Plaque can be removed with very little effort through simple tooth brushing and flossing. If left undisturbed plaque will begin to harden and mineralize to form tartar. Plaque can begin the mineralization process in as little as 48 hours when left untouched. This means if a patient does not floss regularly the plaque left in between their teeth will start to change into tartar within a couple of days. Once tartar has formed on the teeth it can only be removed with dental instruments. Brushing and flossing will not remove dental tartar.
Patients may wonder why this hardened plaque is harmful. One of the biggest issues tartar causes is additional plaque retention. This in turn leads to a plethora of dental diseases. Tartar has a rough surface, which allows for more plaque to collect on the tooth. More plaque on the tooth equals more bacteria.

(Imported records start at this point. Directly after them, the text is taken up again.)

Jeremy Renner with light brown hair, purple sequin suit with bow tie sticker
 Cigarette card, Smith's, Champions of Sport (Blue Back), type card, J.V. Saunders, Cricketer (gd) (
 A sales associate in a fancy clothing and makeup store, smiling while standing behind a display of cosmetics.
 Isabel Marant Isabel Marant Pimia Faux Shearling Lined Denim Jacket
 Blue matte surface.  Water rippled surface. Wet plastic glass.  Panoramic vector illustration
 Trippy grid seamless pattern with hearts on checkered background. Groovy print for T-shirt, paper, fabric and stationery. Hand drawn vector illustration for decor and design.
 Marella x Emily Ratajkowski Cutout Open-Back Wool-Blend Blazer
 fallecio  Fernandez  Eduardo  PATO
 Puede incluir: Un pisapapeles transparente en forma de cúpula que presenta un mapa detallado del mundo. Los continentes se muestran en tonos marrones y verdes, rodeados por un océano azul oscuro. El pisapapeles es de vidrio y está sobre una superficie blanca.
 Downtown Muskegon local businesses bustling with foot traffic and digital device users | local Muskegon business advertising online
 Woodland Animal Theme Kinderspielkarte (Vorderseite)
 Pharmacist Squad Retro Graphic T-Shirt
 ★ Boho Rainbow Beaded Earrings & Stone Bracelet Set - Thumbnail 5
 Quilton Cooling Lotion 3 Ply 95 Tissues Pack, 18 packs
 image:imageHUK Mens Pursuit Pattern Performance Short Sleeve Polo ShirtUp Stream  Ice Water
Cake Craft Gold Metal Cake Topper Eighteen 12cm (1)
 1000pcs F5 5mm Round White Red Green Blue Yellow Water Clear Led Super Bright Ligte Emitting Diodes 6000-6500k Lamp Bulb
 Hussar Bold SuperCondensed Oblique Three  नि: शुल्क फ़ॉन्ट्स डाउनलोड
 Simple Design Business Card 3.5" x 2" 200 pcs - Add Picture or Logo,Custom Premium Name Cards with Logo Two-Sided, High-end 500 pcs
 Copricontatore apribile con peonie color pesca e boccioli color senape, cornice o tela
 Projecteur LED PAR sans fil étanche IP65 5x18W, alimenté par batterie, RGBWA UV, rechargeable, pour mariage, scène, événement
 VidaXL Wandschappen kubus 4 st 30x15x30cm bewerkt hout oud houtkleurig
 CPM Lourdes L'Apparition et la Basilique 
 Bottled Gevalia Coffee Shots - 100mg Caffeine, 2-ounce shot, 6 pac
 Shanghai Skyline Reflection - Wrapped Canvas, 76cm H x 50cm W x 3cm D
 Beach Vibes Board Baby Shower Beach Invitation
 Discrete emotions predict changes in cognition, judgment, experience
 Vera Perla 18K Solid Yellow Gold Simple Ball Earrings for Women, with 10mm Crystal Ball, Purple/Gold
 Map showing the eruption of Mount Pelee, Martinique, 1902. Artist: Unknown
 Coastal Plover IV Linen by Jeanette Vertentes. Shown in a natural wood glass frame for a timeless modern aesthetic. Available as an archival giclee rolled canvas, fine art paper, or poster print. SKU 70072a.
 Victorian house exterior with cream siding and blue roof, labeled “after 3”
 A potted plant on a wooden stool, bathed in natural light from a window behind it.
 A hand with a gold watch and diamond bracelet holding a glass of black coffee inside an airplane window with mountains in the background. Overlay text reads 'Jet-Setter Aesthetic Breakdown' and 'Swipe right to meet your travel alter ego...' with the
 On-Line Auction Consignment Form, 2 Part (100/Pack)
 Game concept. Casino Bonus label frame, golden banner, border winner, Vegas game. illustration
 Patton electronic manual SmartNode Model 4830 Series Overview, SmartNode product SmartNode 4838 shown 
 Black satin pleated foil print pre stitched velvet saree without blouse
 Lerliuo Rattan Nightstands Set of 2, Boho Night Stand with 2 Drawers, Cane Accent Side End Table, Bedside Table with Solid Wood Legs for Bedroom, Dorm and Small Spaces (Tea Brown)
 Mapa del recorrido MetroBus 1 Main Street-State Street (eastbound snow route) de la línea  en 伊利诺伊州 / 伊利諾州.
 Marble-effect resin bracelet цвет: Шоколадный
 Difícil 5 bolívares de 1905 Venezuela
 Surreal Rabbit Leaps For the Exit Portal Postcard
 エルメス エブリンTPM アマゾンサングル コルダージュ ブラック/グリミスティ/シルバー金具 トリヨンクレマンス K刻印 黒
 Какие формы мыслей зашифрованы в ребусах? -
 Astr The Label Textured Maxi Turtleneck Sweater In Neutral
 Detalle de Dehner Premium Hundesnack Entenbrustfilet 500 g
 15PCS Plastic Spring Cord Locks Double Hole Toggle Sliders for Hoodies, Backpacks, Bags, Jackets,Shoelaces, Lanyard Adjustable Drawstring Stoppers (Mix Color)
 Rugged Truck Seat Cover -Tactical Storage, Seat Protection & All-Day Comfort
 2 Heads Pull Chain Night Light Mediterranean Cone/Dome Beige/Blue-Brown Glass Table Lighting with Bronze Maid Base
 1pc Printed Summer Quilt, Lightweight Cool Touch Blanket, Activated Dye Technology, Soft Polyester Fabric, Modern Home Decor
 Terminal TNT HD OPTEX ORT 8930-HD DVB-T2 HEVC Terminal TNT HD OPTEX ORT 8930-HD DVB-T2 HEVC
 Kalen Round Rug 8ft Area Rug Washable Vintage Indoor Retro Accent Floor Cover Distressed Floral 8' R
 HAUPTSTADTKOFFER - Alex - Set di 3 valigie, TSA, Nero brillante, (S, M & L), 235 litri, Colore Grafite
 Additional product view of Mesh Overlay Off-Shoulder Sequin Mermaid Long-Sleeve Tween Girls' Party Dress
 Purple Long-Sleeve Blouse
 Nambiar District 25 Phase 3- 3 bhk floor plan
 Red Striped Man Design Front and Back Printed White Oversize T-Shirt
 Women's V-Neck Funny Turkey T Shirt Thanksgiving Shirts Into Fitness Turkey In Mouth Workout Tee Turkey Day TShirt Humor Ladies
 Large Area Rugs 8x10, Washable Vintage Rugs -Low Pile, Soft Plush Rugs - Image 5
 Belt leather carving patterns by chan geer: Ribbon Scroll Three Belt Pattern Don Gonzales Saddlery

How would a patient recognize plaque or tartar? There are mouth washes that contain a disclosing agent to help identify plaque. The disclosing agent stains the color of the plaque. The colored plaque, then, is easy to recognize. Once stained, the patients can see the areas they need to spend more time flossing and brushing. Tartar, on the other hand, is not quite as easy to identify. Tartar is usually a similar color to the teeth with a slightly more yellow hue. There have actually been patients who have so much tartar that a small piece will break off and they mistake it for a broken tooth. Tartar is best distinguished by dental professionals with exploratory instruments.
Without routine dental cleanings plaque and tartar deposits continue to propagate on the teeth. At dental hygiene visits the tartar is removed, leaving a smooth and clean tooth surface. It is important to remember that daily flossing and brushing will prevent tartar accumulation. If patients neglect to either brush or floss daily the newly cleaned tooth surface can quickly become covered with tartar again. Flossing at least once daily and brushing twice a day will help maintain a healthy oral environment.